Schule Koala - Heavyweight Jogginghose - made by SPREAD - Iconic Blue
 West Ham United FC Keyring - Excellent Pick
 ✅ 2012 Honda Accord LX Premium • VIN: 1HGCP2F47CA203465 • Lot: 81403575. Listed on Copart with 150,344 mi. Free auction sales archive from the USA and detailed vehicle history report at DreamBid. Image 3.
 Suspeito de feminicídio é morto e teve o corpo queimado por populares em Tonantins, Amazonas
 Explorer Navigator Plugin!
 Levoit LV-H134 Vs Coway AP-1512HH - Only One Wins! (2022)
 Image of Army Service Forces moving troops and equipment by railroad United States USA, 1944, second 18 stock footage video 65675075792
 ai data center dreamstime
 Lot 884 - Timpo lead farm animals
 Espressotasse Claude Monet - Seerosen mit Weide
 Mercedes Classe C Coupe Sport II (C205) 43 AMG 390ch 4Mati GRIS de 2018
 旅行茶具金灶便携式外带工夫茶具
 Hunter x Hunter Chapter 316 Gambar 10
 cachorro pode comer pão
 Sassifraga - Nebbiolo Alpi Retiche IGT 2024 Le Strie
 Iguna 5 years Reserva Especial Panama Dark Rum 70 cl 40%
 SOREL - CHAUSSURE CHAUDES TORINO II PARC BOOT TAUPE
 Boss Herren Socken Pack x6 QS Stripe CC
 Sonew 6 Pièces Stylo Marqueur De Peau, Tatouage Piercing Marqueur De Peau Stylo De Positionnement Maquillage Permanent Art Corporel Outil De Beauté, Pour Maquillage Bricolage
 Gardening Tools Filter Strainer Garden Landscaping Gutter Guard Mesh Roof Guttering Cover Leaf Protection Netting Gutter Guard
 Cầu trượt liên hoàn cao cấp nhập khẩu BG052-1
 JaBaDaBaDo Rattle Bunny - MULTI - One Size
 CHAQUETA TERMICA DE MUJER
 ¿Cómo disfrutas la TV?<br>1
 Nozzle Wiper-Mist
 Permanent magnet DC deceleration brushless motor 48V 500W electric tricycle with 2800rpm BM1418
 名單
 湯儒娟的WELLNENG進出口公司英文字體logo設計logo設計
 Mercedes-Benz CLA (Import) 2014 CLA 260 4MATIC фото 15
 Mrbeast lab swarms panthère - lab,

◆ Problem to solve:
All of the material above needs repeating. Keep it exact.

◆ Answer for the task:
Schule Koala - Heavyweight Jogginghose - made by SPREAD - Iconic Blue
 West Ham United FC Keyring - Excellent Pick
 ✅ 2012 Honda Accord LX Premium • VIN: 1HGCP2F47CA203465 • Lot: 81403575. Listed on Copart with 150,344 mi. Free auction sales archive from the USA and detailed vehicle history report at DreamBid. Image 3.
 Suspeito de feminicídio é morto e teve o corpo queimado por populares em Tonantins, Amazonas
 Explorer Navigator Plugin!
 Levoit LV-H134 Vs Coway AP-1512HH - Only One Wins! (2022)
 Image of Army Service Forces moving troops and equipment by railroad United States USA, 1944, second 18 stock footage video 65675075792
 ai data center dreamstime
 Lot 884 - Timpo lead farm animals
 Espressotasse Claude Monet - Seerosen mit Weide
 Mercedes Classe C Coupe Sport II (C205) 43 AMG 390ch 4Mati GRIS de 2018
 旅行茶具金灶便携式外带工夫茶具
 Hunter x Hunter Chapter 316 Gambar 10
 cachorro pode comer pão
 Sassifraga - Nebbiolo Alpi Retiche IGT 2024 Le Strie
 Iguna 5 years Reserva Especial Panama Dark Rum 70 cl 40%
 SOREL - CHAUSSURE CHAUDES TORINO II PARC BOOT TAUPE
 Boss Herren Socken Pack x6 QS Stripe CC
 Sonew 6 Pièces Stylo Marqueur De Peau, Tatouage Piercing Marqueur De Peau Stylo De Positionnement Maquillage Permanent Art Corporel Outil De Beauté, Pour Maquillage Bricolage
 Gardening Tools Filter Strainer Garden Landscaping Gutter Guard Mesh Roof Guttering Cover Leaf Protection Netting Gutter Guard
 Cầu trượt liên hoàn cao cấp nhập khẩu BG052-1
 JaBaDaBaDo Rattle Bunny - MULTI - One Size
 CHAQUETA TERMICA DE MUJER
 ¿Cómo disfrutas la TV?<br>1
 Nozzle Wiper-Mist
 Permanent magnet DC deceleration brushless motor 48V 500W electric tricycle with 2800rpm BM1418
 名單
 湯儒娟的WELLNENG進出口公司英文字體logo設計logo設計
 Mercedes-Benz CLA (Import) 2014 CLA 260 4MATIC фото 15
 Mrbeast lab swarms panthère - lab,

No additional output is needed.